Banking departments these days are not just looking at licensing qua licensing. They are looking for loan originator compensation violations that are triggered by lead generation. For instance, they know that loans may have different cost structures depending on how the loans were initially received by the lender. A lead generated by the loan originator may be compensated differently than those generated by the creditor. As long as this doesn’t constitute a proxy for a loan term or condition, it is generally acceptable; that is, the loan officer may also be reimbursed for lead generation and other legitimate business costs, but the creditor must beware of how this may serve as a proxy for terms and conditions. It is up to the lender to make this determination (and properly document it).

Four Rules

In any lead generating marketing, the following four rules should be implemented:

1.     Complete, accessible, and straightforward disclosure of all parties’ intent regarding data collection and usage is essential;
2.     Data should not be brokered or sold without consent (or notice and choice) of all parties involved, including the consumer and the loan originator;
3.     Both the consumer, Lead Generation Company, and the loan originator should be made aware, through clear notices, of all parties involved in data collection and sharing; and,
4.     All parties should be educated and aware of current regulations regarding consumer protection and privacy.
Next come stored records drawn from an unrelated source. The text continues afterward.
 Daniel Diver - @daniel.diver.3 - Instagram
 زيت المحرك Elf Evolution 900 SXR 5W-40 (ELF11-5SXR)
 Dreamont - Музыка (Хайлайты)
These four rules become the bases of the policies, procedures, contractual arrangements, and protocols that ensure a viable marketing campaign that relies, in whole or in part, on lead generation.

Regulatory Focus

The regulators involved in enforcement of compliance with lead generation rules include, but are not limited to, state banking departments, state Attorneys General, the Federal Trade Commission (“FTC”),[i] and the Consumer Financial Protection Bureau (“Bureau”). We already know that the Bureau examines for whether the lead generator is a third-party provider and reviews the terms and appropriateness of the relationship. The Bureau reviews advertisements and advertising sources. It will review TV, radio, print media, Internet, scripts, recordings, and so forth. It will determine if there was proper consumer disclosure all along the way, from point of contact with the consumer to point of contact with the lender, including any intimation of fees and other terms and conditions. Plus, a review is conducted for online data security and sharing of consumer information.
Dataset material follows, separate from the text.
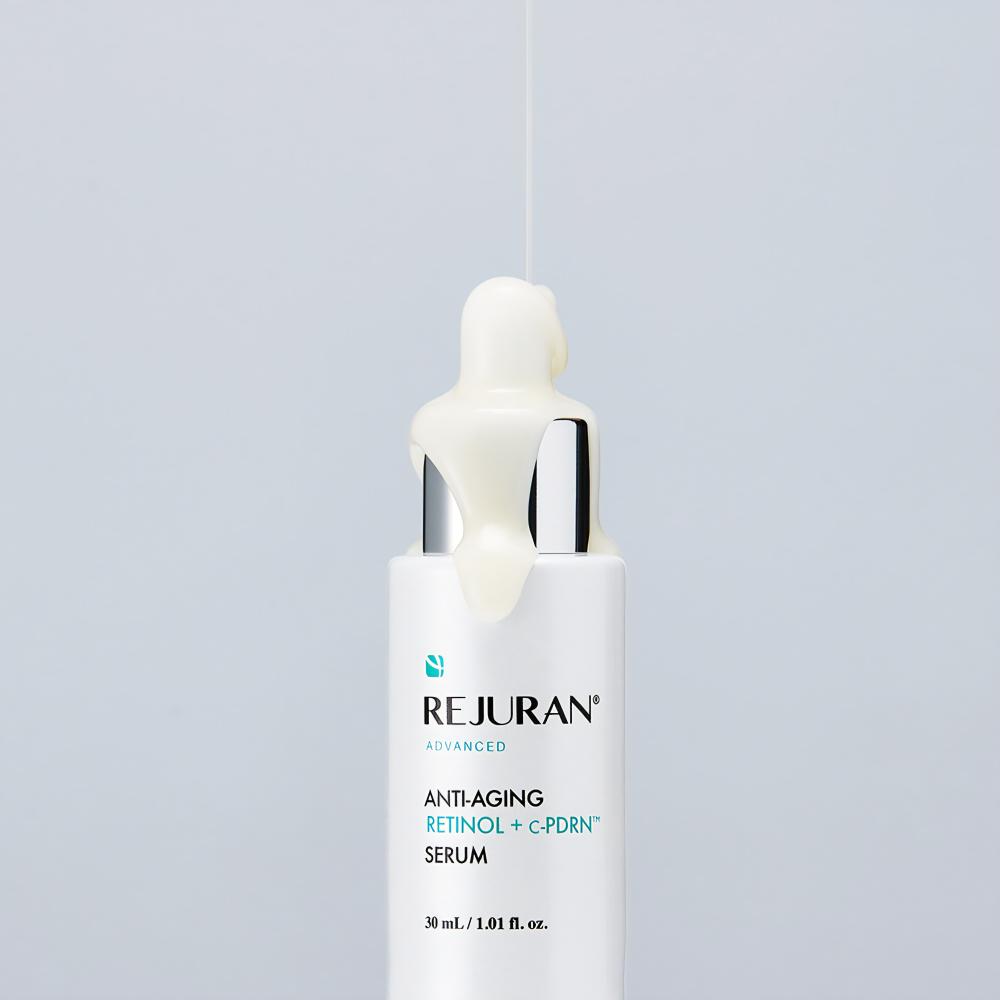 advancedanti-agingretinolserum(8)-auto_width_1000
Although the new loan originator qualification standards do not impose licensing requirements, every lender must ensure that each loan originator in its employ is licensed and registered in compliance with laws related to Secure and Fair Enforcement for Mortgage Licensing Act (SAFE), if applicable. Further, entities engaged in lead generation and marketing activities, as well as the companies that do business with such entities, need to pay particular attention to their activities to ensure that they do not inadvertently engage in loan originator activity. If they do, they’ll need to make sure that they meet the new loan originator qualification standards, including licensing requirements. Failure to meet these standards will give rise to severe civil liability that could impair the collectability of the loan.

The Bureau has stated that anytime a consumer gives out sensitive personal and financial information on the Internet there are risks involved to the consumer. In the context of Pay Day Loans, for instance, the Bureau has already warned consumers that if a consumer applies for a loan online, the consumer could be increasing risk significantly.

The Bureau has expressed concern that an online application or form that consumers fill out could be sold to a loan originator that offers to originate a loan on behalf of the consumer. Indeed, the Bureau also has indicated it has concerns that multiple lenders or other settlement service providers could pay for this information, thereby causing them to contact or email the consumer.

Consumer Advocacy

In a November 11, 2013 announcement to consumers, the Bureau stated, “Lead generators might not find you the lowest cost loans, and you should be cautious of sites that promise they will. Many consumers can also be confused about who actually made the loan, which makes getting help when you need it harder.”[ii] In addition, the Bureau has provided caution regarding key words, tags, and tactics.

Importantly, the Bureau’s view toward the Pay Day lead generator should be applied to residential mortgage lenders and originators that purchase leads from a Lead Generation company. Here’s the point: the Bureau has clearly issued an answer to the question, "What is the difference between an online payday lender and one with a storefront?" Its answer was that consumers need to make sure the online website is licensed to do business in the consumer's state and whether the lead generator follows the state's [payday] lending laws. Consider it a warning to all residential loan originators!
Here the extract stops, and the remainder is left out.